FALFURRIAS, Texas -- Smugglers who typically ferry loads of illegal aliens and drugs through an 18-mile corridor here every day have moved elsewhere.

"They've spotted and tracked our observation posts with their infrared and [Global Positioning System] equipment and they don't want any part of us," Dr. Michael Vickers yesterday told a crowd of Minuteman Civil Defense Corps members, who four days ago began a nationwide border vigil to protest immigration policies they say endanger the United States.

Now, the Minutemen will counter.

They will adjust more than 500 civilian volunteers assigned to foot and horseback patrols at scattered observation posts, called "laundry lines," along the Highway 281 corridor, which the U.S. Border Patrol considers a major alien- and drug-smuggling route.

"Hundreds of them cross over my property every day, cutting through or digging under the fences," said Dr. Vickers, a veterinarian, community leader and Republican state committee member.

Dr. Vickers has allowed the Minutemen to set up a makeshift headquarters on his 2,000-acre cattle ranch, which is about 70 miles north of the Mexican border, and persuaded his neighbors to open up about 100,000 acres of private land to the protesters.
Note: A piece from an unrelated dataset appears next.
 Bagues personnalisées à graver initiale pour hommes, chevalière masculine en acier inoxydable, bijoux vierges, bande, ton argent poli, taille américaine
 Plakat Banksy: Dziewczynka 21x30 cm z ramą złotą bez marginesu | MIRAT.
Concerned about the threat of terrorism, rising violence, a flood of illegal immigration, and the ongoing damage and mounds of trash on the ranches, Dr. Vickers expects that total soon will grow to more than 800,000 acres.
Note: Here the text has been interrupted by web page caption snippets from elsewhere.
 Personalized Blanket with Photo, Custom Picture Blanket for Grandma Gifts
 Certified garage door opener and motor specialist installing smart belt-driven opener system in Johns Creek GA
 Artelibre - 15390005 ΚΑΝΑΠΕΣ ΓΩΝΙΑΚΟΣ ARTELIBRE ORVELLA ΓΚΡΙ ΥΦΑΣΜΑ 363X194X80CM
"Our country is being invaded and it's about time something is done about it," said Dr. Vickers, who remains a close friend to his Texas A&M classmate Texas Gov. Rick Perry, a Republican.

The patrols here began Saturday as part of a nationwide vigil by the Minutemen from Texas to California along the Mexican border and in eight states along the Canadian border. It was scheduled to run for 30 days, but now has been extended indefinitely.

Al Garza, president of the Minuteman Civil Defense Corps of Texas, said the civilian volunteers will stay at their posts until relieved by the National Guard. The decision is supported by Dr. Vickers, who said he is looking to recruit more than 1,000 Minuteman volunteers to man the Highway 281 corridor permanently.

"Congress and the White House need to wake up to the fact that we are here to stay," Mr. Garza said during an interview at the Minuteman group's Falfurrias camp. "We intend to be that 800-pound gorilla until they act to restore security on our nation's borders. We want to know when the rule of law [is] going to be reinstated."

Participants will report to the U.S. Border Patrol but will not detain those attempting to cross illegally into the United States.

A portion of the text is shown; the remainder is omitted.